AFTER THE WORST year ever for air crashes, any report of structural deficiencies found on a certain jumbo-jet model is likely to attract more than a little public attention. But there appears to be no cause for alarm in the lat announcement that the Federal Aviation Administration has ordered inspections of all Boeing 747s after finding cracks in the frames of four of the planes. The discovery and the order are examples of how proper maintenance and inspection procedures can detect aircraft wear and tear. Officials do not consider cracks in frames or in outer skins of planes unusual or necessarily dangerous.
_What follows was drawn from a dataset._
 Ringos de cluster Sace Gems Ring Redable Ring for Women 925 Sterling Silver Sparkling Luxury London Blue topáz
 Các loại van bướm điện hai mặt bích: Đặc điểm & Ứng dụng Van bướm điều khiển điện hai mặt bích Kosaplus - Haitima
The 747 has long been regarded as among the safest of airplanes -- although two were involved in catastrophic accidents last year. But neither the Air India crash in the North Atlantic nor a Japan Air Lines crash has been linked to the types of cracks that prompted the new FAA order. Court testimony in the Air India case, though not conclusive, has pointed to a bomb as probable cause. An improper repair to structural damage from an earlier incident has been pinpointed as the probable cause of the JAL crash.
Boeing has been manufacturing 747 jets since the '60s, and there are more than 600 of them in use around the world. The latest order -- an "airworthiness directive" of the sort issued routinely and almost daily by the FAA -- applies to the older planes in service and sets out a schedule for inspections. It came in response to routine tear-down inspections done by an airline that found cracks in three of its jets and reported this to the FAA. The airline's officials say they have since inspected 25 planes and found nothing else. A second airline turned up a fourth possible case after a notice from Boeing.
Information on inspection discoveries should be openly reported, shared and acted upon, as it was here. Experts note that air travel remains relatively safe. These procedures are a key reason.